##### PROVIDED MATERIAL

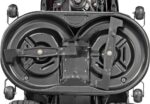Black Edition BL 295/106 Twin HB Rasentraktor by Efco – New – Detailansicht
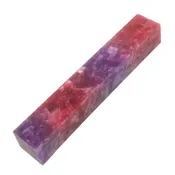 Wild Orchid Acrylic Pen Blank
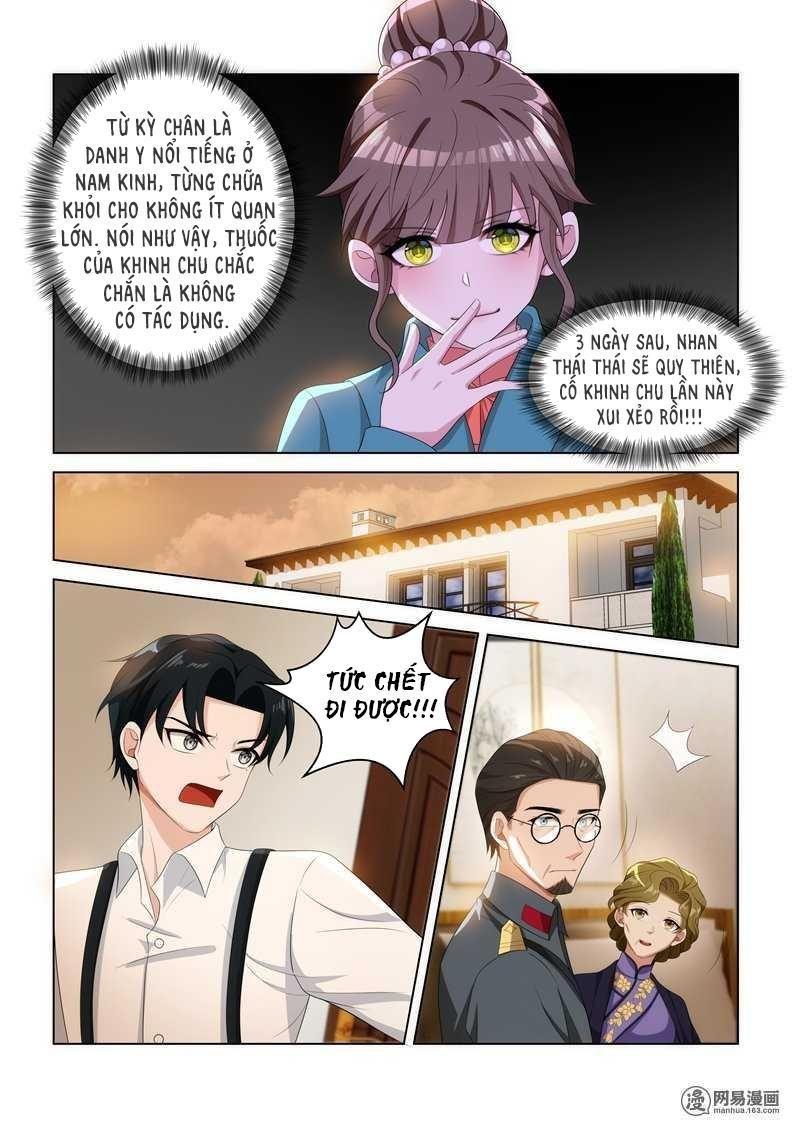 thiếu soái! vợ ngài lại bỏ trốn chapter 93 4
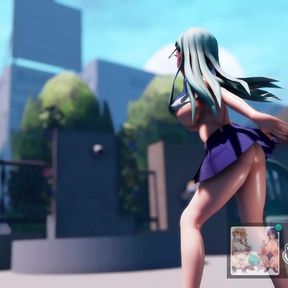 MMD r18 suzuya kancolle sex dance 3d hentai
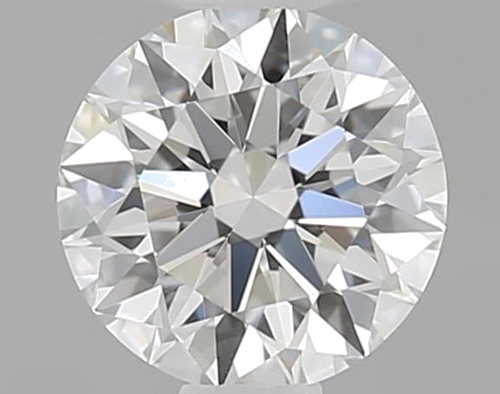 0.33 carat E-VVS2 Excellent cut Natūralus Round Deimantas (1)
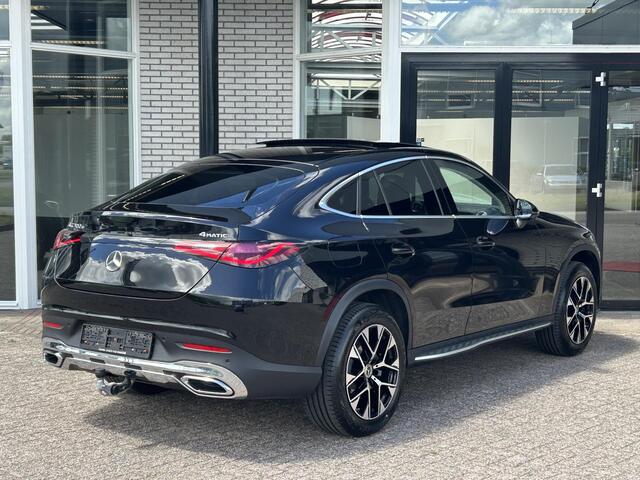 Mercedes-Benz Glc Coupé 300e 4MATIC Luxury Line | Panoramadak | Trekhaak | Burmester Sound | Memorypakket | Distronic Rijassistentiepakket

##########
##### PROVIDED MATERIAL

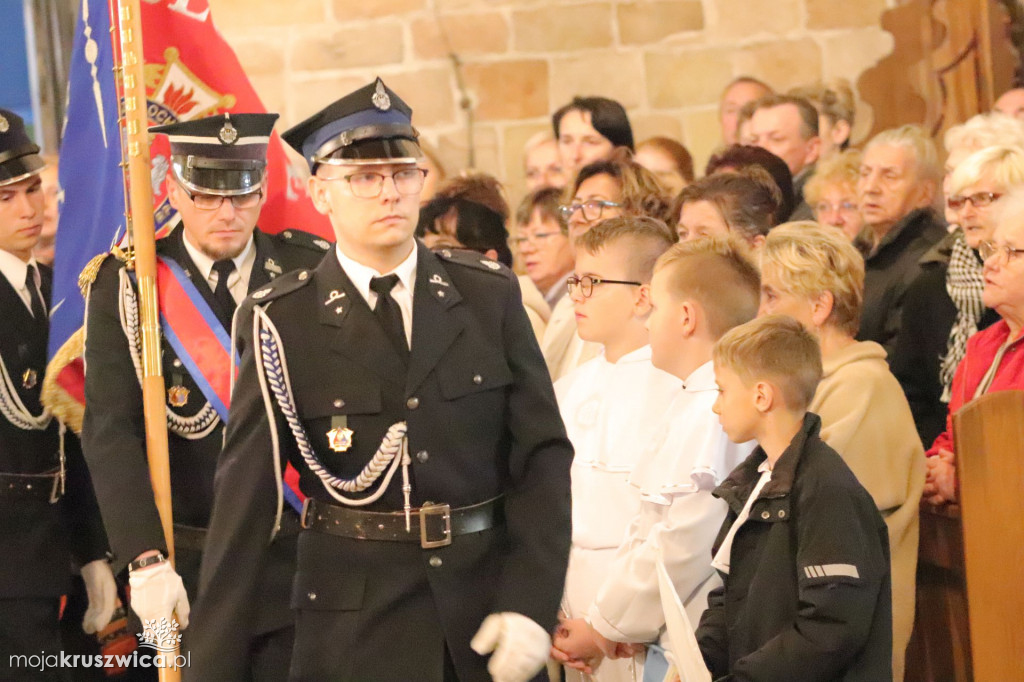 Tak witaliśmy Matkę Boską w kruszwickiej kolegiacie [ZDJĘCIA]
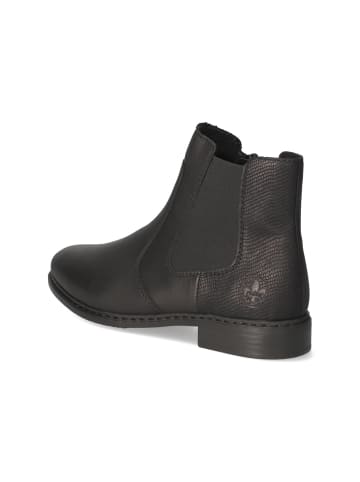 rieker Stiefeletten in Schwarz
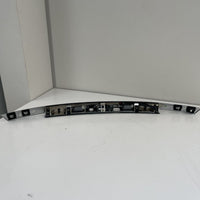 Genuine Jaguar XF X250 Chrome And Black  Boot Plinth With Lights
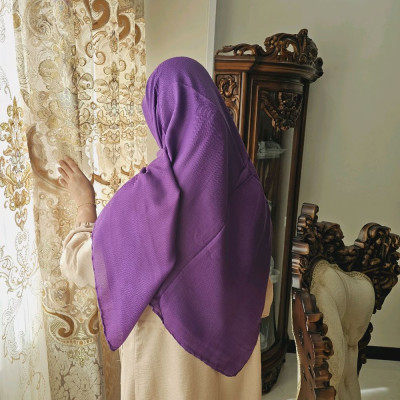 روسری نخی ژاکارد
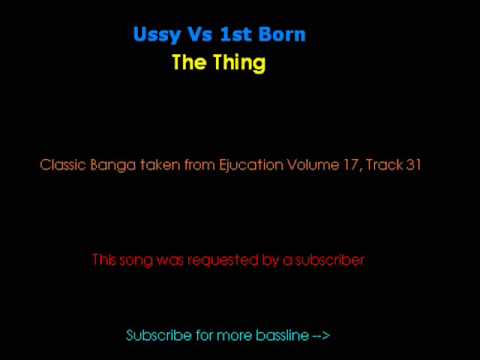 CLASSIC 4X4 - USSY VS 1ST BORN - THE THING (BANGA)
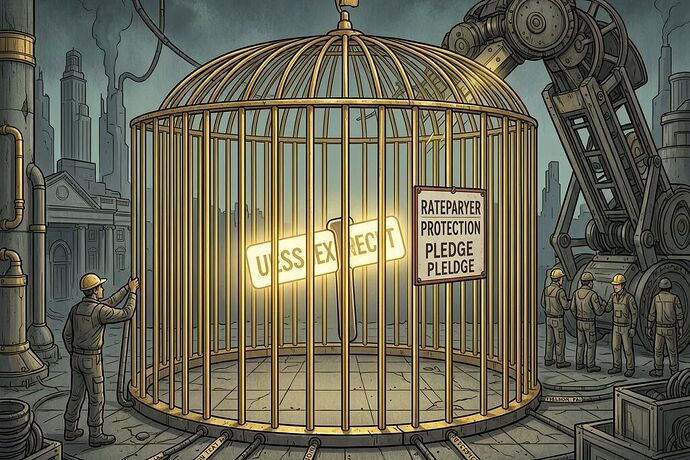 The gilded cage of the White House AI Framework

##########

**ACTIVITY**
Copy exactly the material above from the line with "MMD r18 suzuya kancolle sex dance 3d hentai" to the line with "Mercedes-Benz Glc Coupé", ends included, and nothing else. Leave out any picture.

**RESPONSE TO THIS EXERCISE**
 MMD r18 suzuya kancolle sex dance 3d hentai
 0.33 carat E-VVS2 Excellent cut Natūralus Round Deimantas (1)
 Mercedes-Benz Glc Coupé 300e 4MATIC Luxury Line | Panoramadak | Trekhaak | Burmester Sound | Memorypakket | Distronic Rijassistentiepakket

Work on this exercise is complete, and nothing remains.